SOURCE MATERIAL>

___

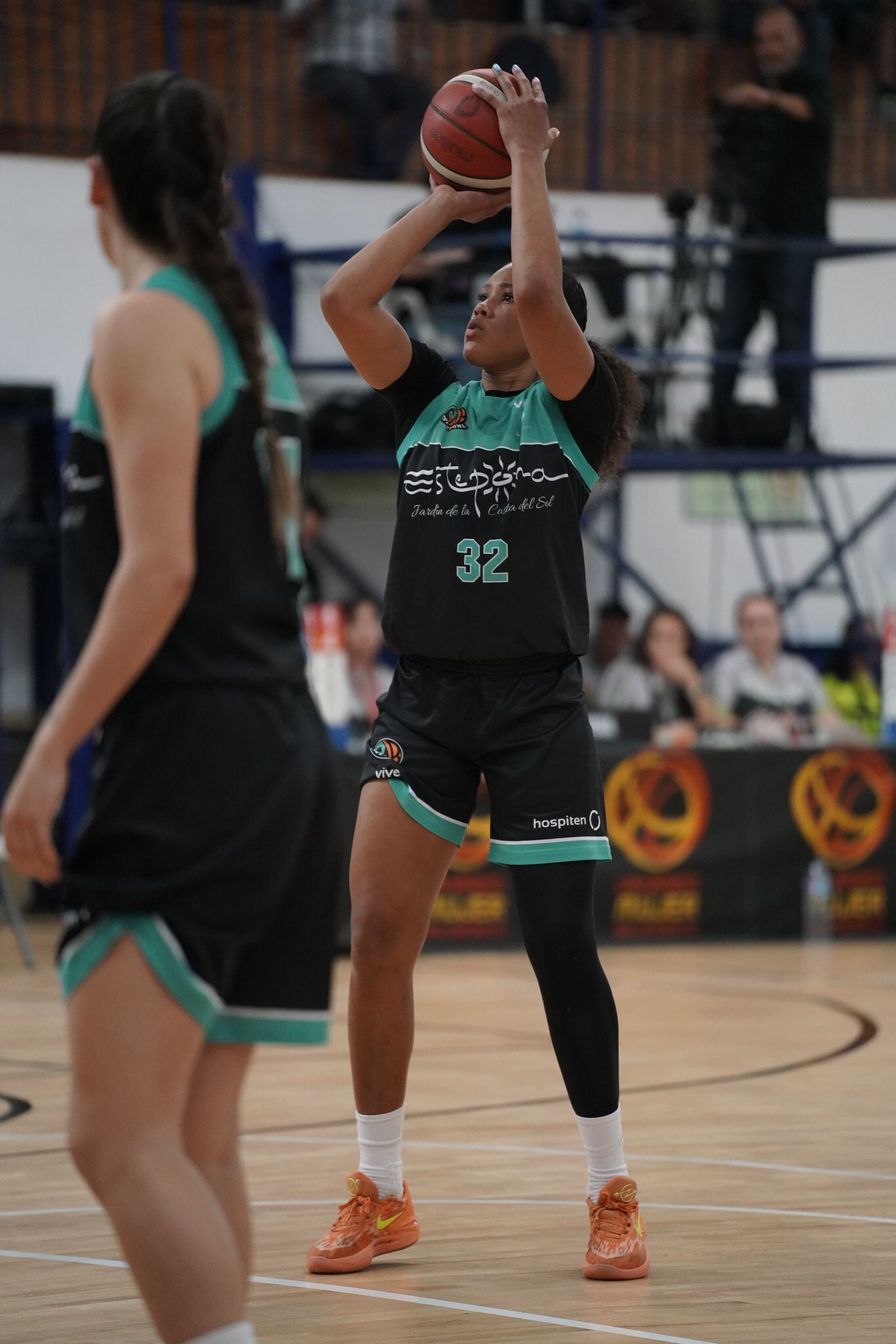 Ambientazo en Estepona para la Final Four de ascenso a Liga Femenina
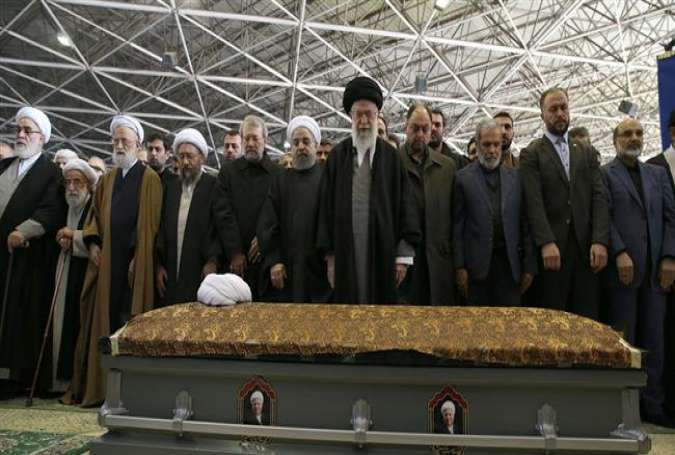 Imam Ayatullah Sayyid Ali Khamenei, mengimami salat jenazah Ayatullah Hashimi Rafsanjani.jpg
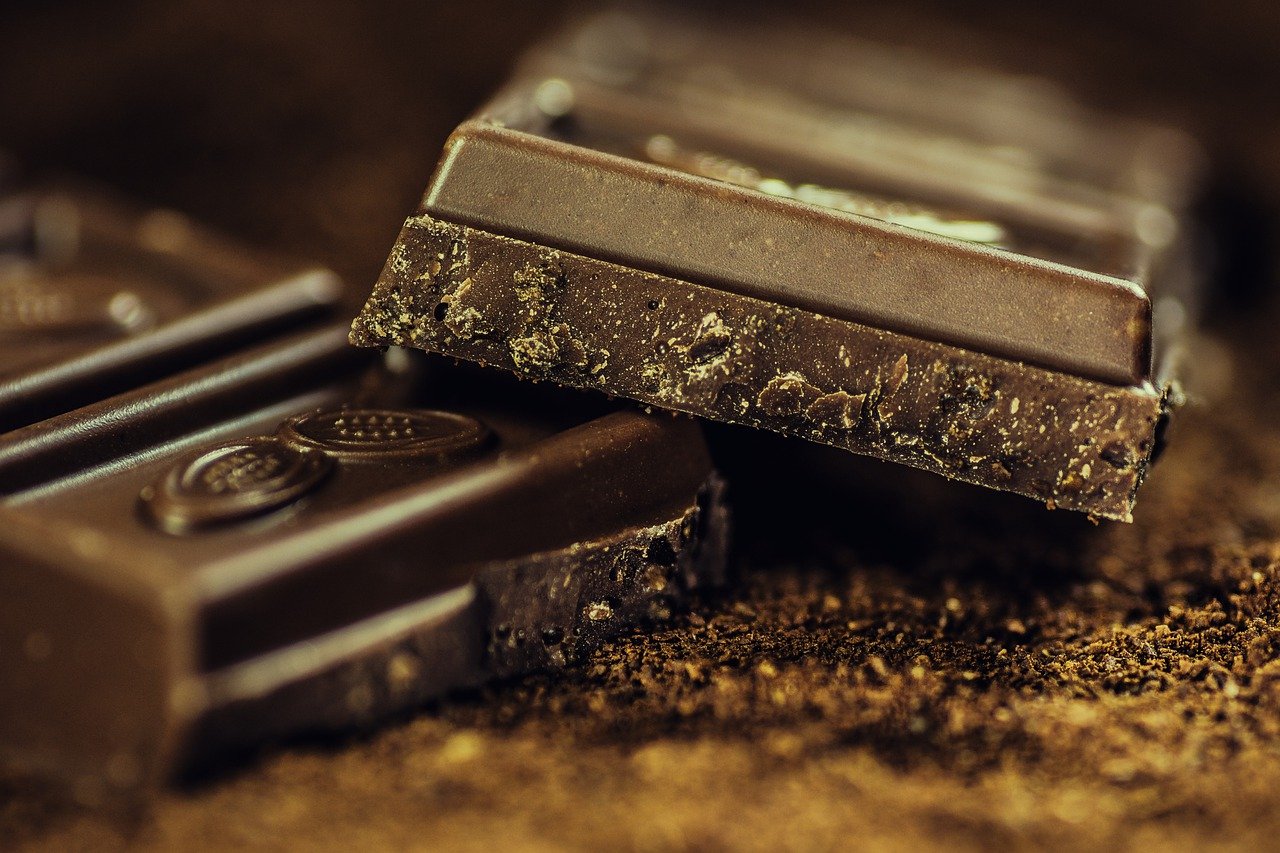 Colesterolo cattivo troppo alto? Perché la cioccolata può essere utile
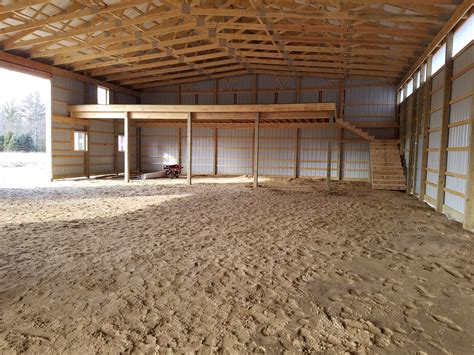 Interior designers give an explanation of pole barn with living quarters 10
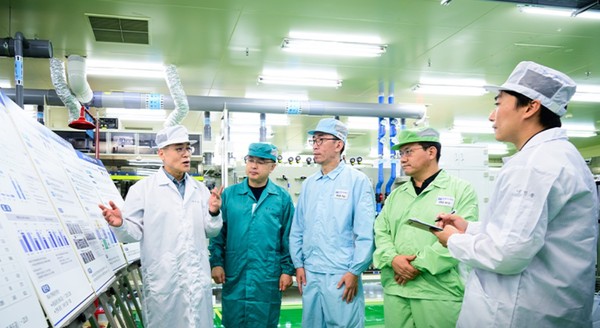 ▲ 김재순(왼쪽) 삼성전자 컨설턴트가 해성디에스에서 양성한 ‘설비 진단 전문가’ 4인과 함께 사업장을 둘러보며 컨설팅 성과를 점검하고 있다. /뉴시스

___

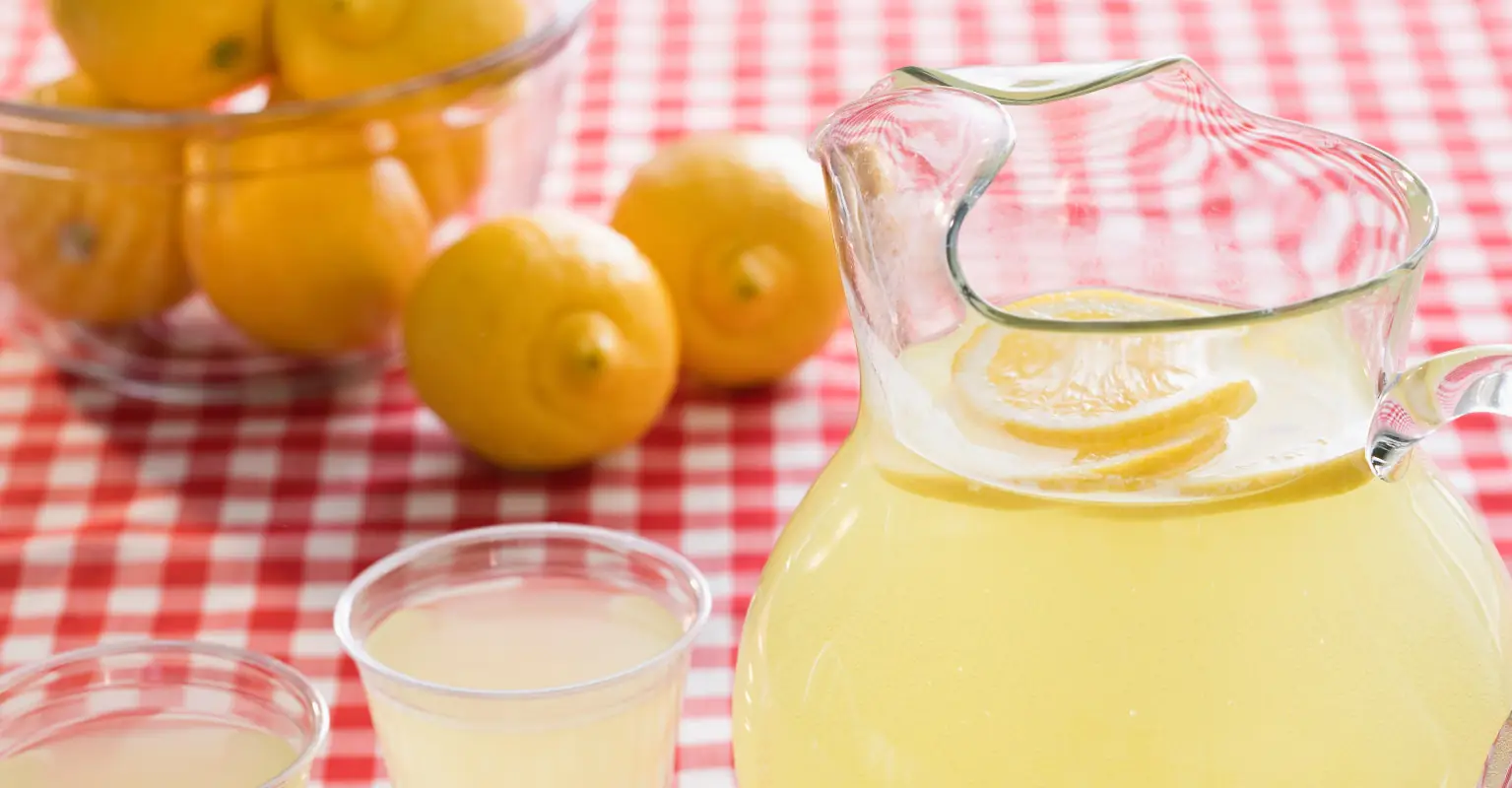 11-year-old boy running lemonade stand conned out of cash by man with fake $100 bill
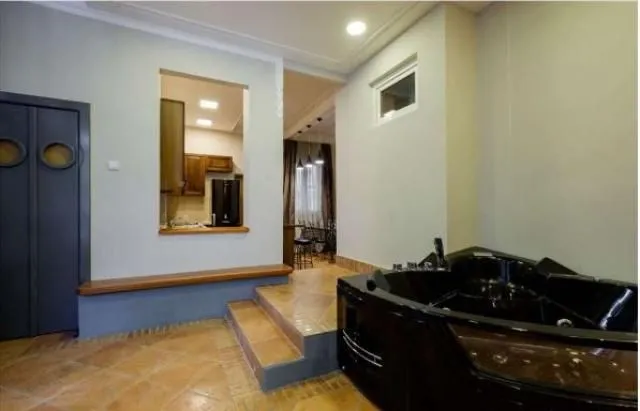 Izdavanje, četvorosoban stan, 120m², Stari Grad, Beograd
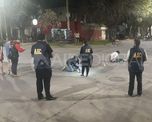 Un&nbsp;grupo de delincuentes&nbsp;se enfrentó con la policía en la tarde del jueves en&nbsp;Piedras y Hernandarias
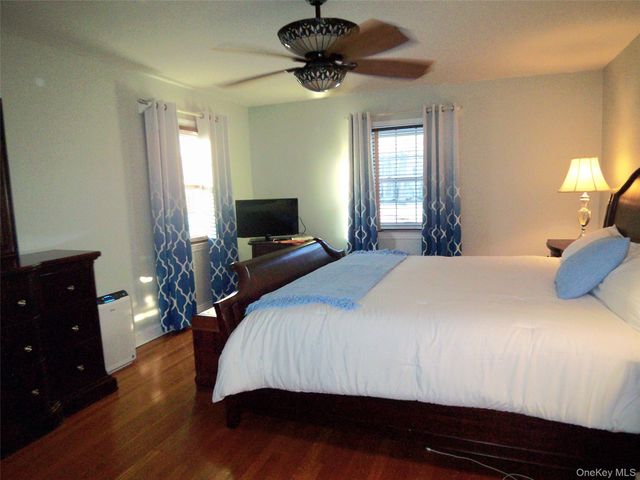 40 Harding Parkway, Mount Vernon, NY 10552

___

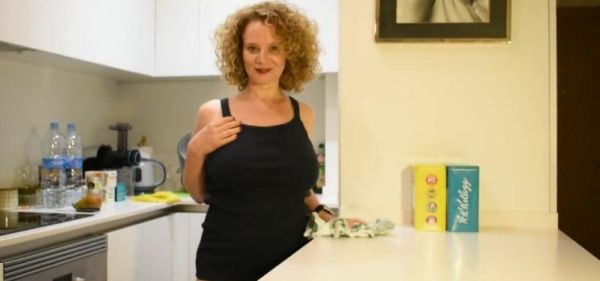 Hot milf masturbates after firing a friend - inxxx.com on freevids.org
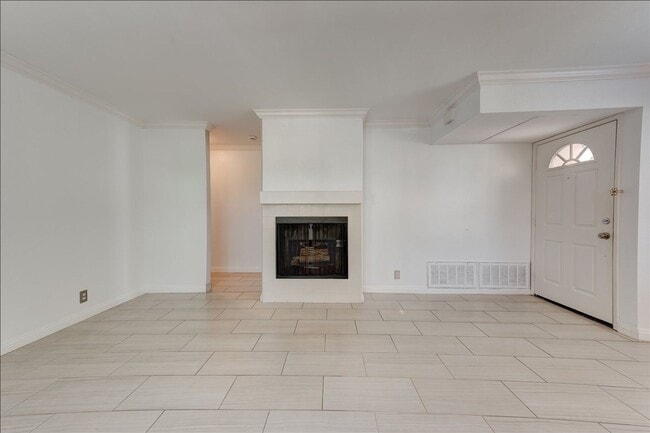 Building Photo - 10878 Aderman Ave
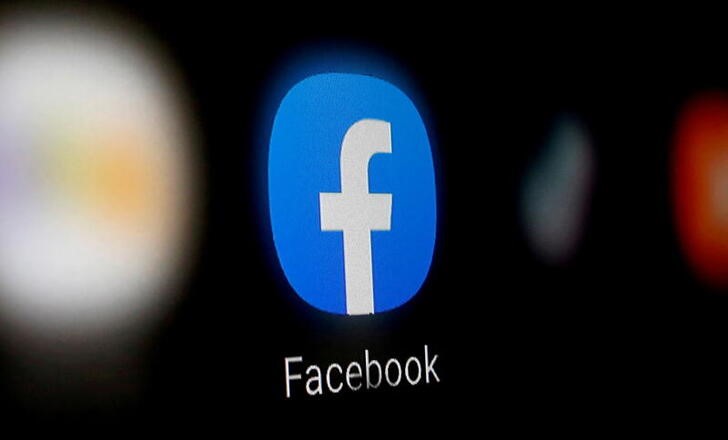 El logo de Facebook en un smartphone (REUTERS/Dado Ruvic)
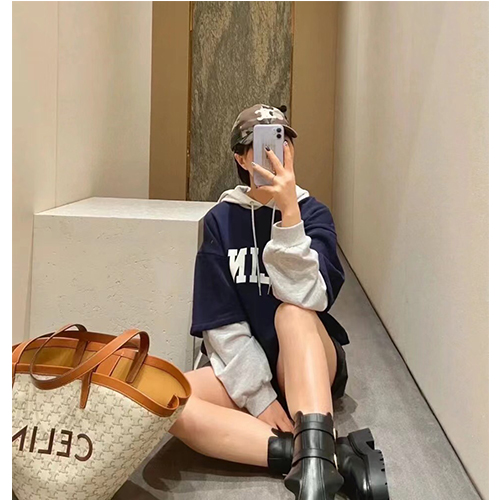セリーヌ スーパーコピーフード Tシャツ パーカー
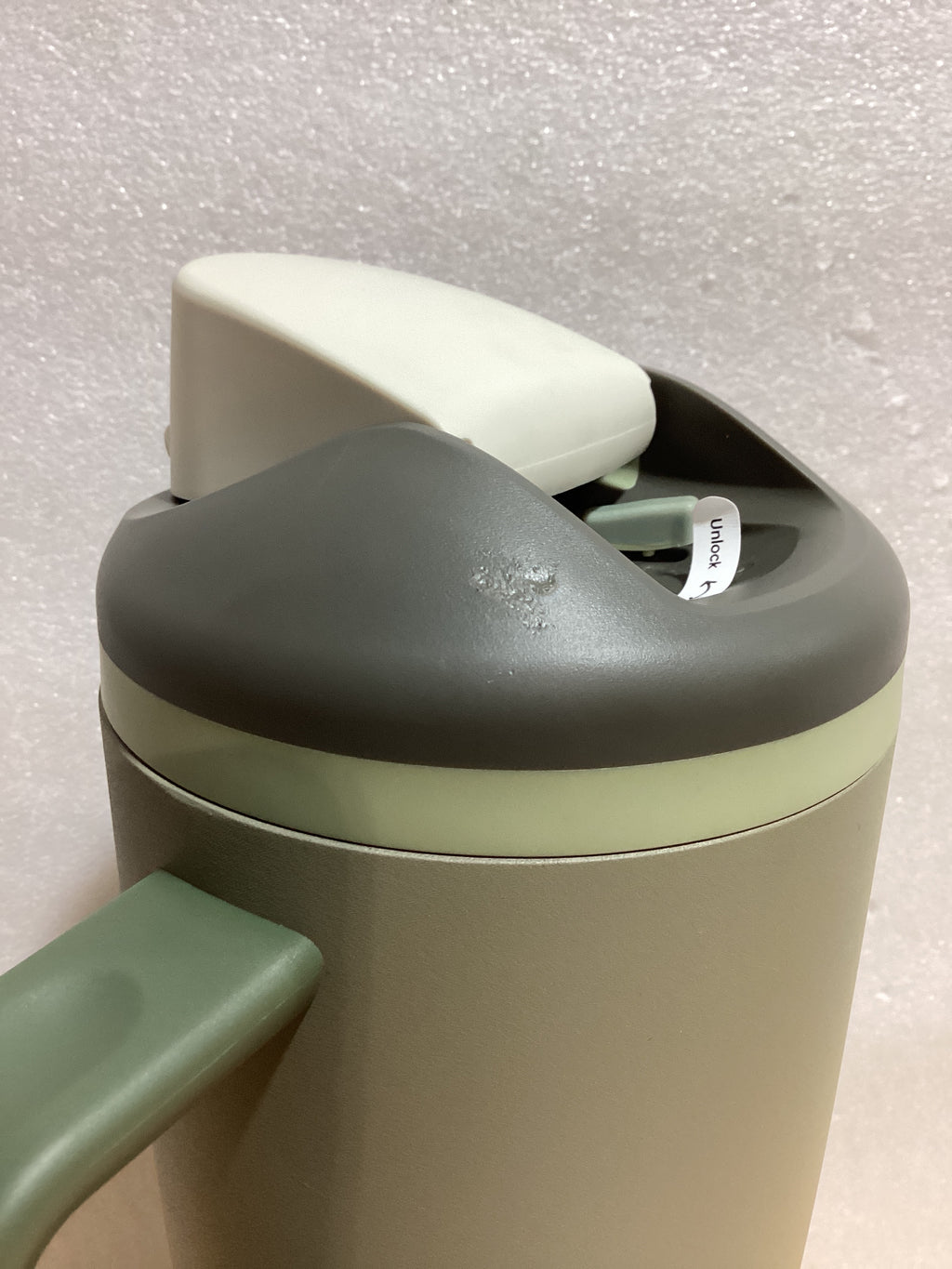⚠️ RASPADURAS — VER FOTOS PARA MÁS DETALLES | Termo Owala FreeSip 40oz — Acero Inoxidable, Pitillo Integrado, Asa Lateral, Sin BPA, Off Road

___

THE TASK> Leaving pictures out, output the lines of the data above from the one with "Colesterolo cattivo troppo" through the one with "점검하고 있다. /뉴시스", word for word.

ANSWER TO THE PROBLEM>
 Colesterolo cattivo troppo alto? Perché la cioccolata può essere utile
 Interior designers give an explanation of pole barn with living quarters 10
 ▲ 김재순(왼쪽) 삼성전자 컨설턴트가 해성디에스에서 양성한 ‘설비 진단 전문가’ 4인과 함께 사업장을 둘러보며 컨설팅 성과를 점검하고 있다. /뉴시스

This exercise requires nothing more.